*** MATERIAL PROVIDED Section Begins ***

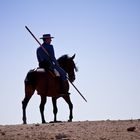 Cowboy auf einer Kampfstierfarm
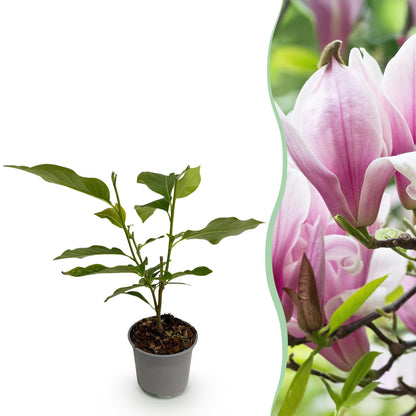 Magnolia 'George Henry Kern' - Magnolia - hoogte 30cm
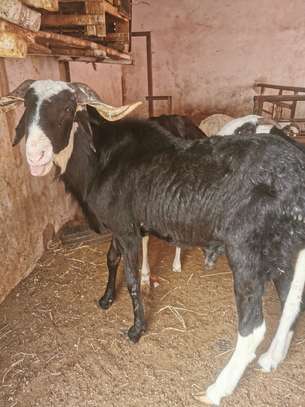 Vente Flash mouton Tabaski image 4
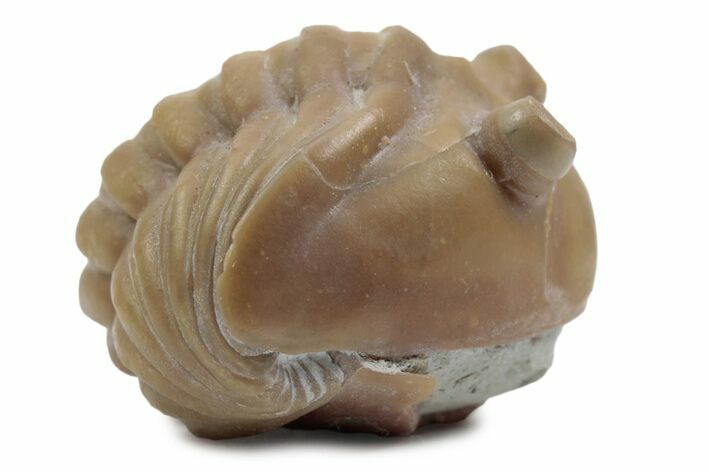 Bargain, Enrolled Fossil Asaphus Expansus Trilobite - Russia #363220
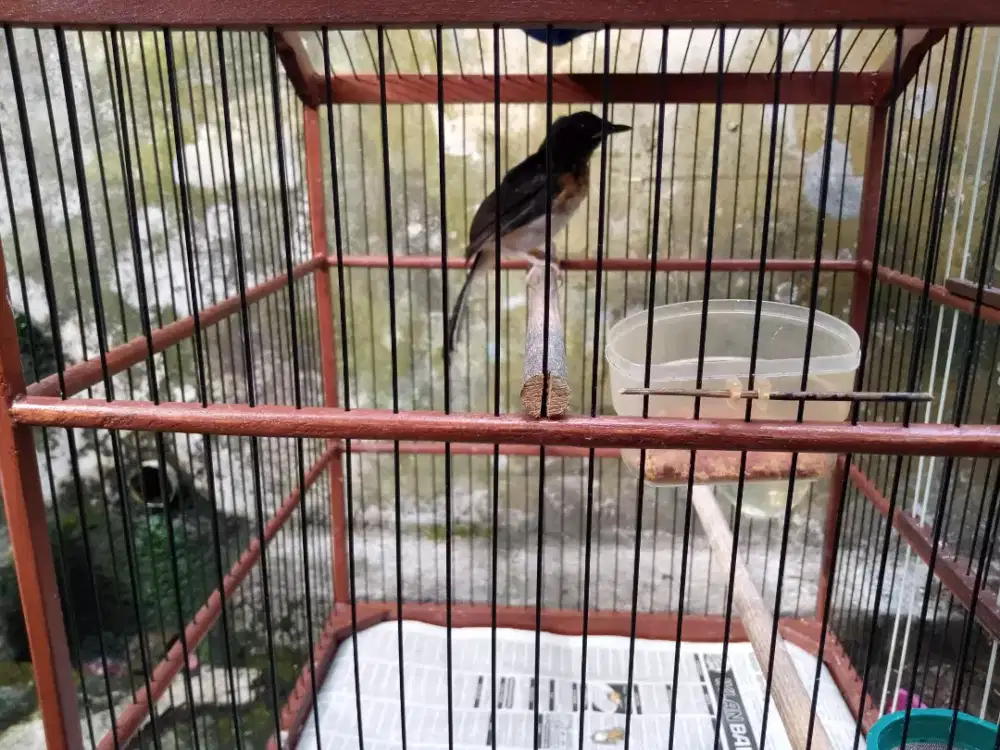 Murai Batu Trotol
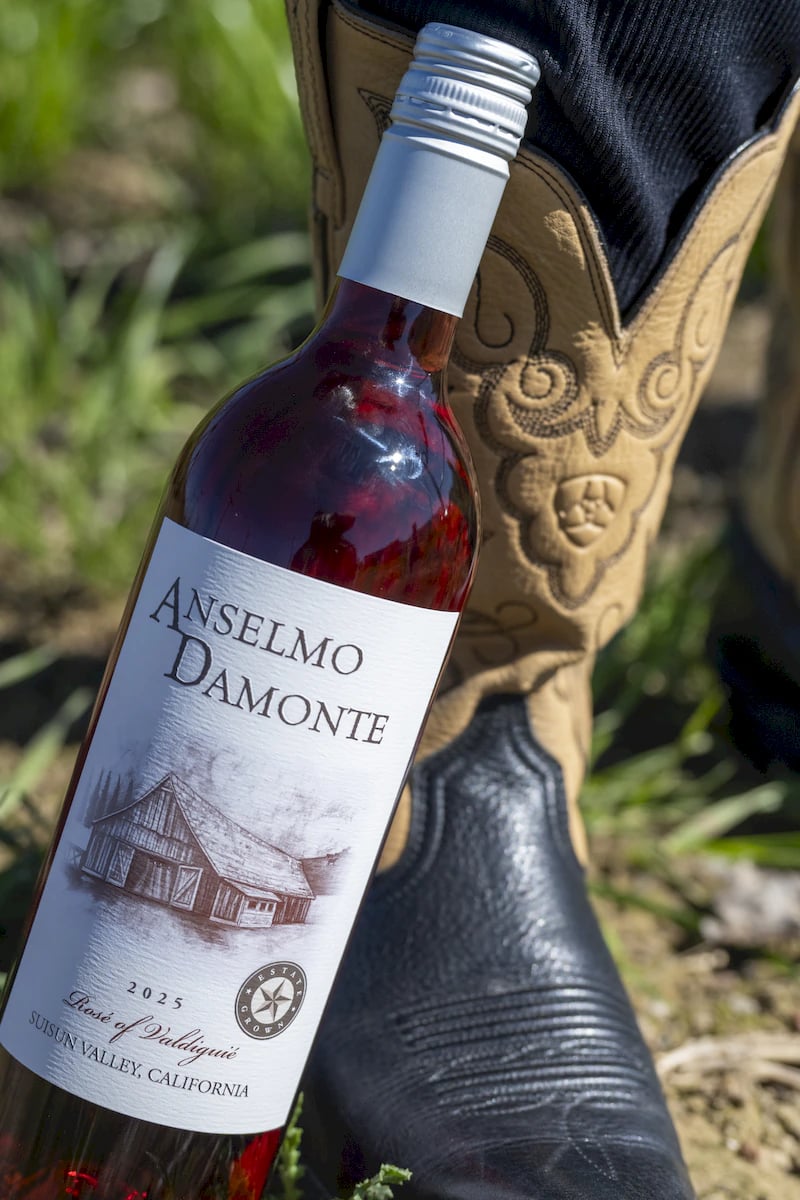 Anselmo Damonte Estate — Winery Grounds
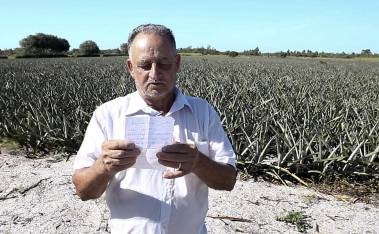 Reinaldo almeida Açu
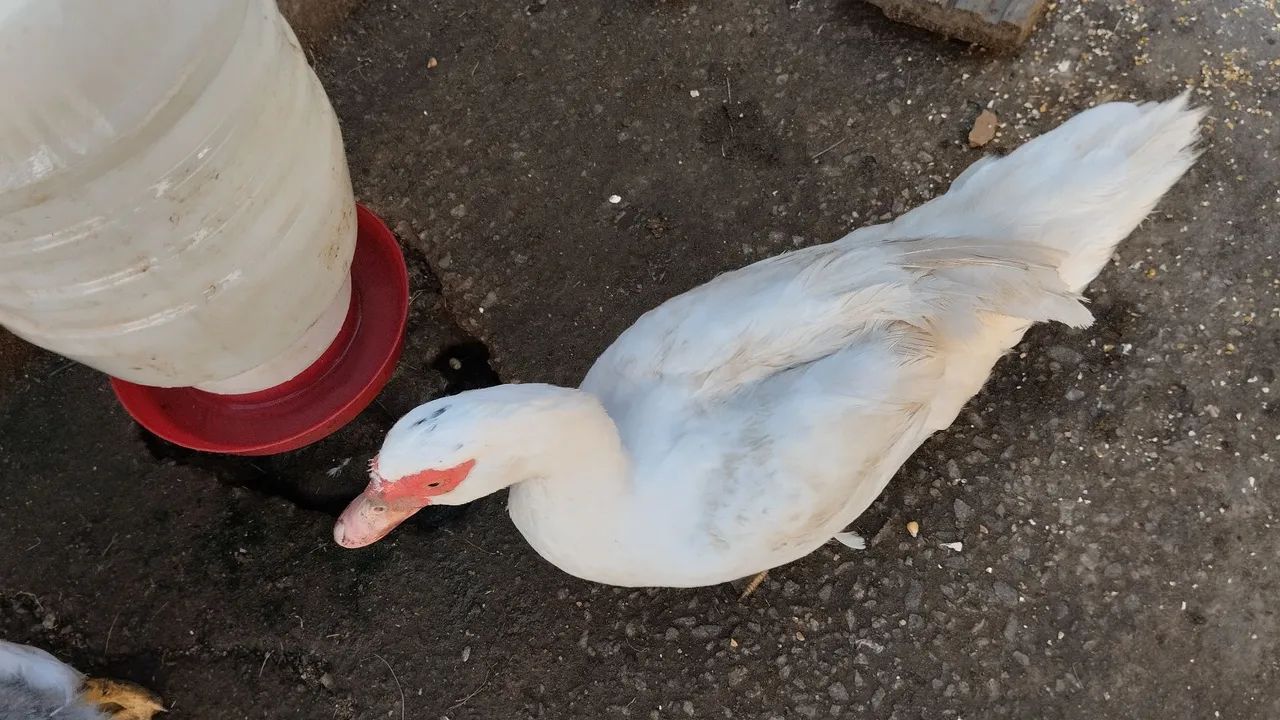 Patos   - Foto 3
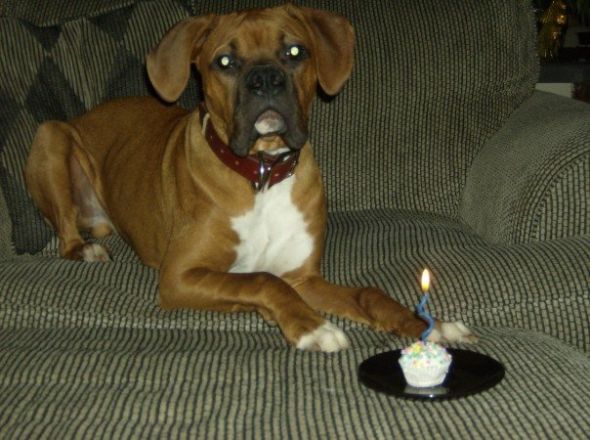How did you name your pet? :  wedding pet names Chill 6mos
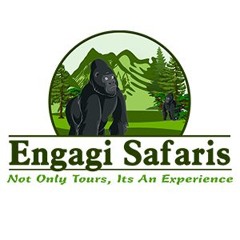 Enjoy Luxury Tanzania Safari Holidays - Kibera Holiday Safaris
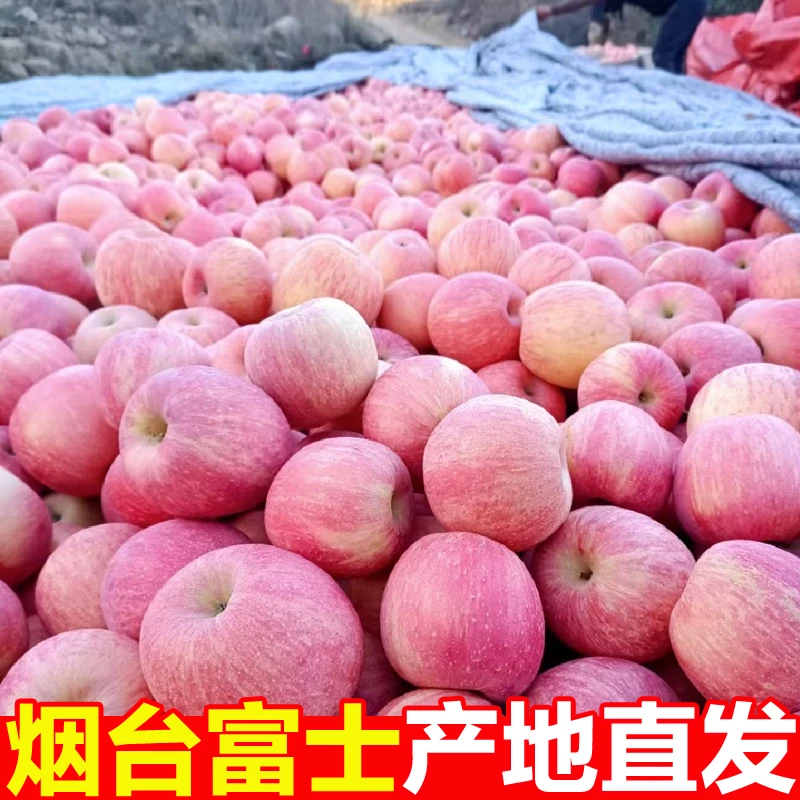4.5斤山东烟台红富士苹果水果批发整箱产地直发栖霞丑苹果红苹果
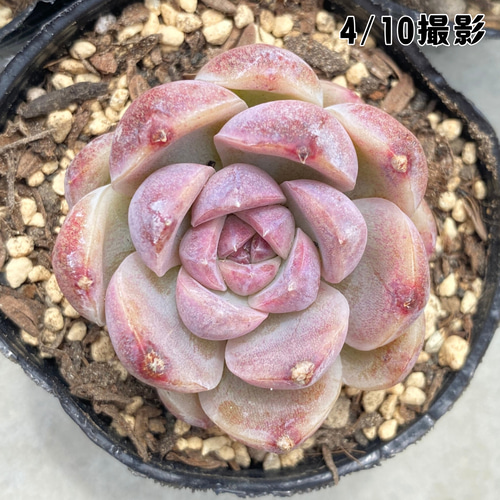 1苗【6cmポット/チーズブルーベリー】中苗 輸入苗 多肉植物 多肉植物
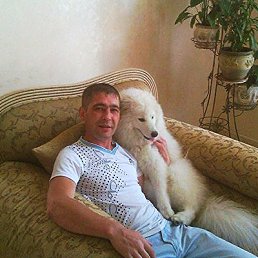 ���� ���������, ������, 46 ��� - ��������� 27 ������ 2013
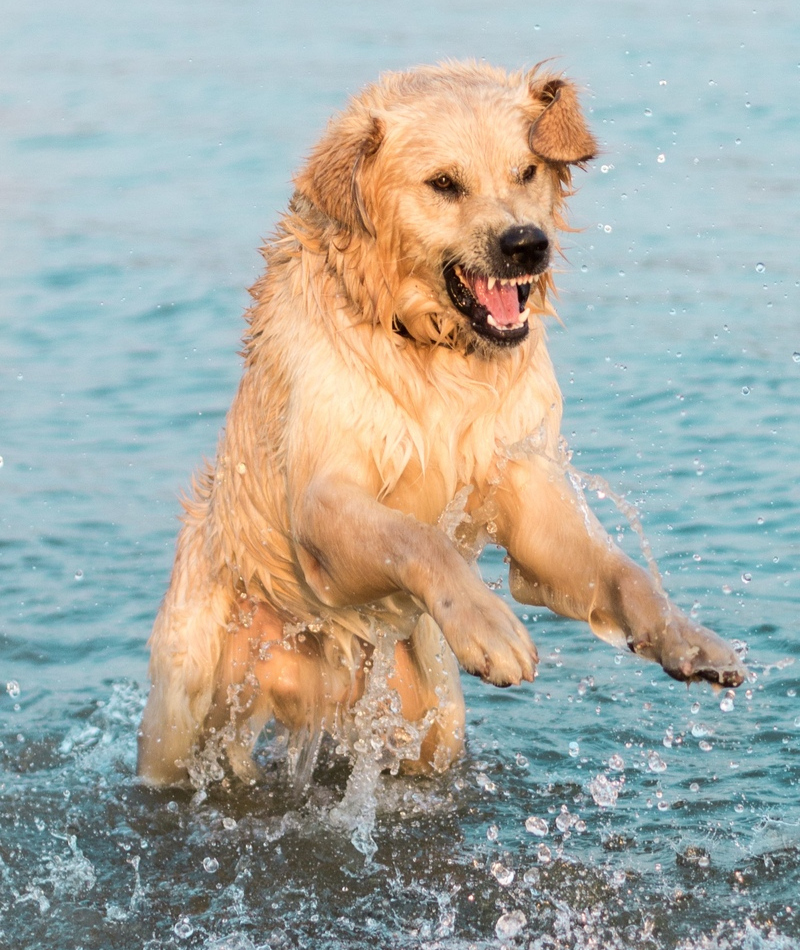 Cuando los perros atacan | Shutterstock Photo by Zivica Kerkez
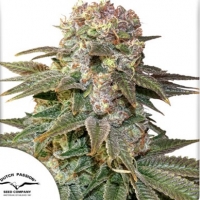 C-Vibez Feminised Cannabis Seeds | Dutch Passion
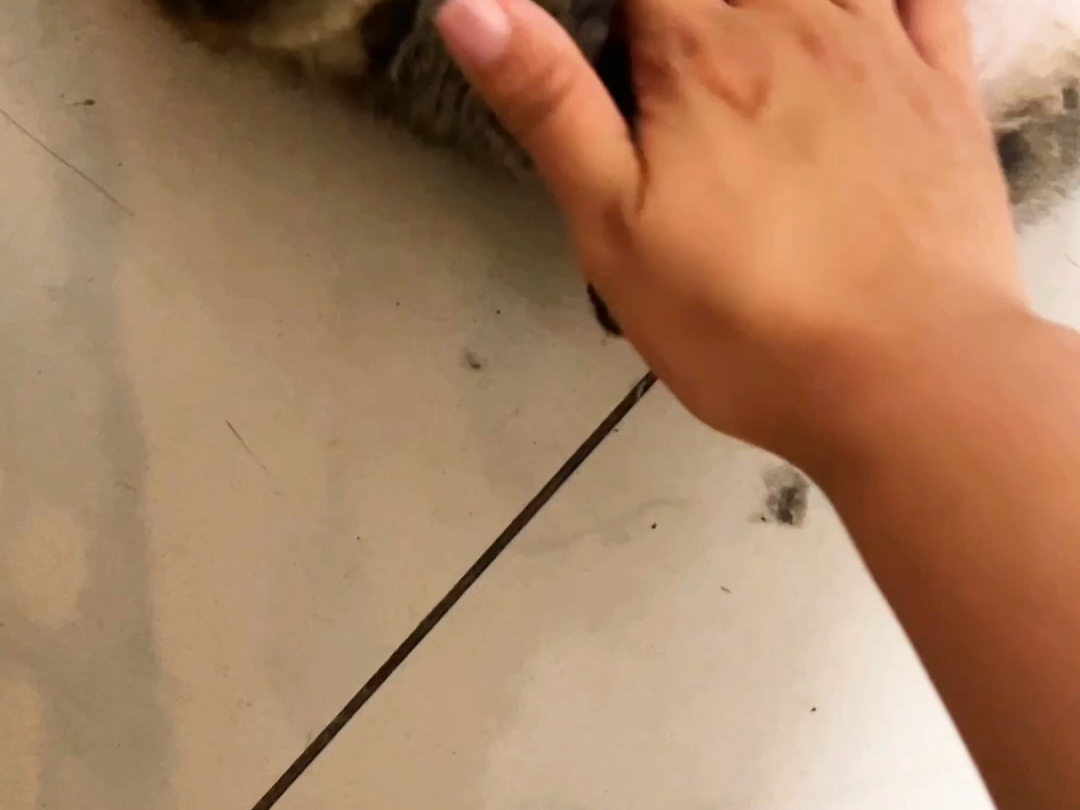 生日当天在楼道里捡到猫了，又漂亮又亲人，高兴地发了朋友圈却被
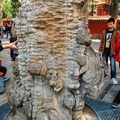 Ancient cypress tree in the Imperial Garden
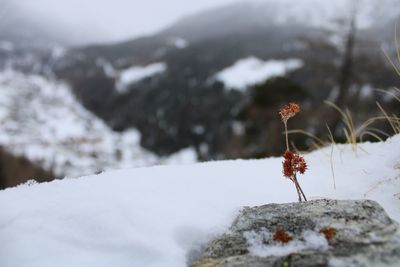 Close-up of snow on rock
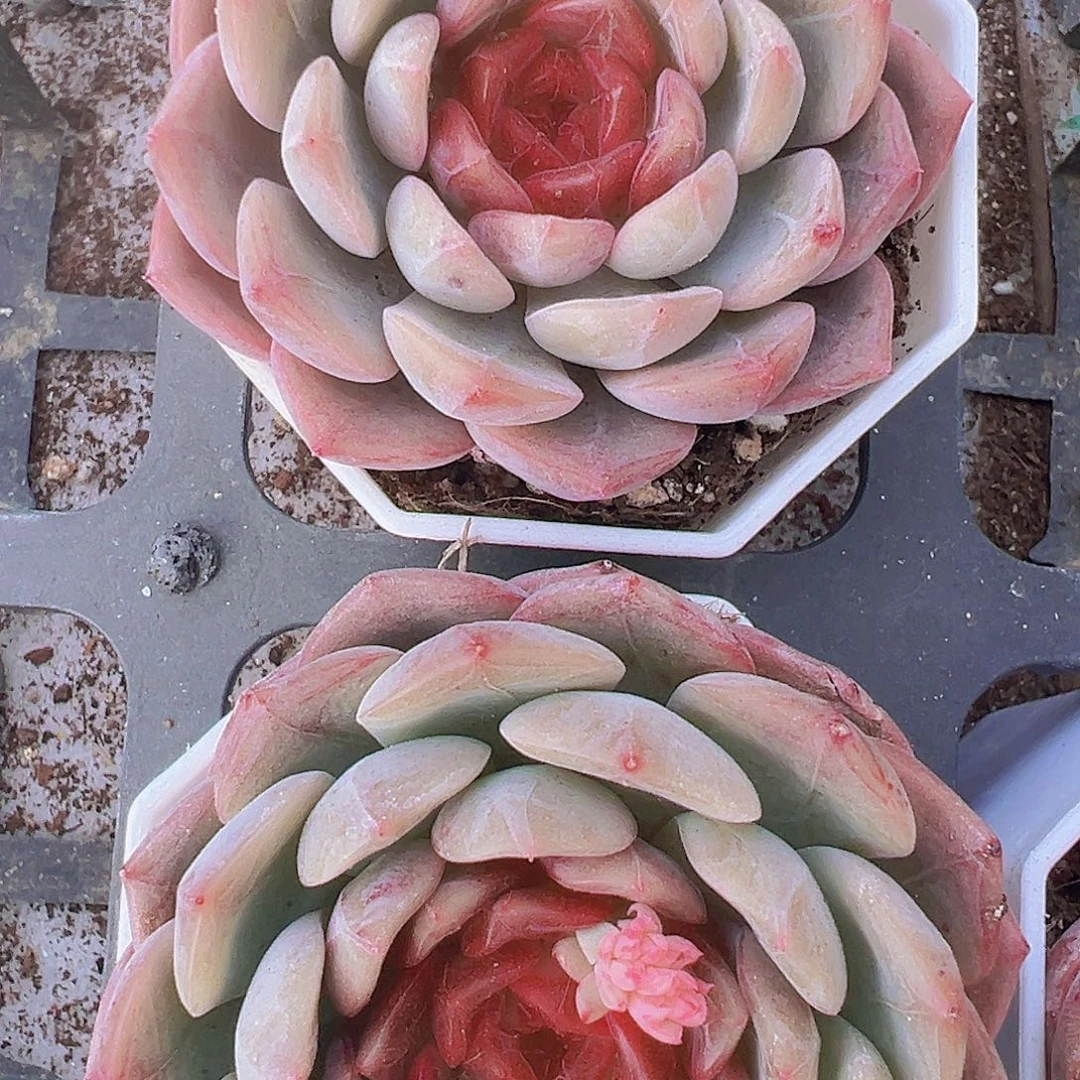 特葡珍妮单头19包邮多肉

*** MATERIAL PROVIDED Section Ends ***

=== WHAT TO PRODUCE ===
A picture must not appear in the copy. Transcribe exactly the lines from the one with "生日当天在楼道里捡到猫了，又漂亮又亲人，高兴地发了朋友圈却被" through the final line of the entries, both included, and no more.

=== FINISHED EXERCISE ===
 生日当天在楼道里捡到猫了，又漂亮又亲人，高兴地发了朋友圈却被
 Ancient cypress tree in the Imperial Garden
 Close-up of snow on rock
 特葡珍妮单头19包邮多肉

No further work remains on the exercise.